AI Endpoints - Build a RAG Chatbot with LangChain4j

Knowledge Base

AI Endpoints - Build a RAG Chatbot with LangChain4j


Icons/System/eye-open Created with Sketch. 81 Views 19.12.2025 AI Endpoints

Introduction

In this tutorial, we'll show you how to build a Retrieval Augmented Generation (RAG) chatbot that enhances answers by incorporating your own custom documents into the LLM’s context.

To do this, we will use LangChain4j, Java-based framework inspired by LangChain, designed to simplify the integration of LLMs (Large Language Models) into applications. Note that LangChain4j is not officially maintained by the LangChain team, despite the similar name.

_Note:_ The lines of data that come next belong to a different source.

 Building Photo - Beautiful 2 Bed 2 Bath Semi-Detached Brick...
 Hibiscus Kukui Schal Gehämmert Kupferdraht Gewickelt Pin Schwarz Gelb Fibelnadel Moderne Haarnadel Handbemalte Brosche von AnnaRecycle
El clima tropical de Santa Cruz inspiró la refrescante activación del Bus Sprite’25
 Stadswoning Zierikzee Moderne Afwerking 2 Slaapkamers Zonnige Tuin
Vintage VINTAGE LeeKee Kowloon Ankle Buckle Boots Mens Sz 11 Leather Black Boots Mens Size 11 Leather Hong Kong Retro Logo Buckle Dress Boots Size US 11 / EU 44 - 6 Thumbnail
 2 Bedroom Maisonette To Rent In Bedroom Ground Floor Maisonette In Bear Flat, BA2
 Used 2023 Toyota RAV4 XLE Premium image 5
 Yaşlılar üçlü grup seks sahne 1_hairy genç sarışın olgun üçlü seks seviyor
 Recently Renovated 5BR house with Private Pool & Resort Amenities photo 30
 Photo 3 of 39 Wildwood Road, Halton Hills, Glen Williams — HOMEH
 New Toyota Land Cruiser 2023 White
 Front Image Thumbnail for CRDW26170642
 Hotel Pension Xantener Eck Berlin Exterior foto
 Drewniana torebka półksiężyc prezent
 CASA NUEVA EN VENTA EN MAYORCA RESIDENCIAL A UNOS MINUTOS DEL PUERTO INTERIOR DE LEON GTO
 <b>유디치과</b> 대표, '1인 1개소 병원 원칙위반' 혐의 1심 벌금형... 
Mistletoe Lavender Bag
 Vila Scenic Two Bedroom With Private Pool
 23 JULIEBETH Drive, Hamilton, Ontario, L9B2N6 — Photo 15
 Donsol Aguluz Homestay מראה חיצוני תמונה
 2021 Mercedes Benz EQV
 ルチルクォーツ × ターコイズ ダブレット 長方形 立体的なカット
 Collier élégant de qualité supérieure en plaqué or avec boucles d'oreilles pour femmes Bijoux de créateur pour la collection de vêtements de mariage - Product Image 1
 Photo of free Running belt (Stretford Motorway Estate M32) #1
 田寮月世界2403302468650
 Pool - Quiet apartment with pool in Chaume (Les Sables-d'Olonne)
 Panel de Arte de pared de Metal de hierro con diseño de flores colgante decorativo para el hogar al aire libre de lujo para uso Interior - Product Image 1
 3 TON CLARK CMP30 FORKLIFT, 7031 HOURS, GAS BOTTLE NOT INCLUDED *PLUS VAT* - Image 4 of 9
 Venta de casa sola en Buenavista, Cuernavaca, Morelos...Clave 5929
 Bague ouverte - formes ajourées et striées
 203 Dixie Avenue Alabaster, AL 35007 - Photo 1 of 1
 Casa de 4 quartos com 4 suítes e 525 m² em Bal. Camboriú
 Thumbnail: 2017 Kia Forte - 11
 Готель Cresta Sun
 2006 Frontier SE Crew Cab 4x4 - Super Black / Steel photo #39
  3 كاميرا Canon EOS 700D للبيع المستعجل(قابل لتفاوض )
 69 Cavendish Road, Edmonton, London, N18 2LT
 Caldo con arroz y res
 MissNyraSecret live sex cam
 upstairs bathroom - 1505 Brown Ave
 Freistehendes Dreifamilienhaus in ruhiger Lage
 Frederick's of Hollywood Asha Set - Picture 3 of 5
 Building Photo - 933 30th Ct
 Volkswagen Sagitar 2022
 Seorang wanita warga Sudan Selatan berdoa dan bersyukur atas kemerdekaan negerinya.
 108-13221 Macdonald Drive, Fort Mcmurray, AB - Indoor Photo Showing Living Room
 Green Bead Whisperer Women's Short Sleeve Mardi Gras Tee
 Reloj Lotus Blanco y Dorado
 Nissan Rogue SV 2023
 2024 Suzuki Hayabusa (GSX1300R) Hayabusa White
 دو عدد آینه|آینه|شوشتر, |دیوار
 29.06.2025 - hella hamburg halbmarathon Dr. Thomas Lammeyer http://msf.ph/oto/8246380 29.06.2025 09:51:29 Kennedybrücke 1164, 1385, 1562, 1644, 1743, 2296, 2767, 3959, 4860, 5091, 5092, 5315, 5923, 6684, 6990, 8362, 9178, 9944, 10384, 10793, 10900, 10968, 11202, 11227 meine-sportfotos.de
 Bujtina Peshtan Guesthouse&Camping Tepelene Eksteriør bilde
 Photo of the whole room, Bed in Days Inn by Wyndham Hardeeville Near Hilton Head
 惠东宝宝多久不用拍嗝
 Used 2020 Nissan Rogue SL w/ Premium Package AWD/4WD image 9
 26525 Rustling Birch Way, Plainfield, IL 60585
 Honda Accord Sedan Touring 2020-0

Combined with OVHcloud AI Endpoints which offers both LLM and embedding models, it becomes easy to create advanced, production-ready assistants.

Definition

Retrieval Augmented Generation (RAG): Instead of relying solely on a model's built-in knowledge, RAG injects your data into the prompt to improve relevance.

Here’s how it works:

  • Your documents are converted into vectors using an embedding model.
  • When the user asks a question, it’s also turned into a vector.
  • A similarity search is performed to find the most relevant data chunks.
  • These are fed to the LLM as context, enabling grounded, accurate responses.

Instructions

Set up the environment

In order to use AI Endpoints APIs easily, create a .env file to store environment variables:

OVH_AI_ENDPOINTS_MODEL_NAME=Mistral-7B-Instruct-v0.3
OVH_AI_ENDPOINTS_URL=https://oai.endpoints.kepler.ai.cloud.ovh.net/v1
OVH_AI_ENDPOINTS_EMBEDDING_MODEL_URL=https://bge-m3.endpoints.kepler.ai.cloud.ovh.net/api/text2vec
OVH_AI_ENDPOINTS_ACCESS_TOKEN=<ai-endpoints-api-token>

Make sure to replace the token value (OVH_AI_ENDPOINTS_ACCESS_TOKEN) by yours. If you do not have one yet, follow the instructions in the AI Endpoints - Getting Started guide.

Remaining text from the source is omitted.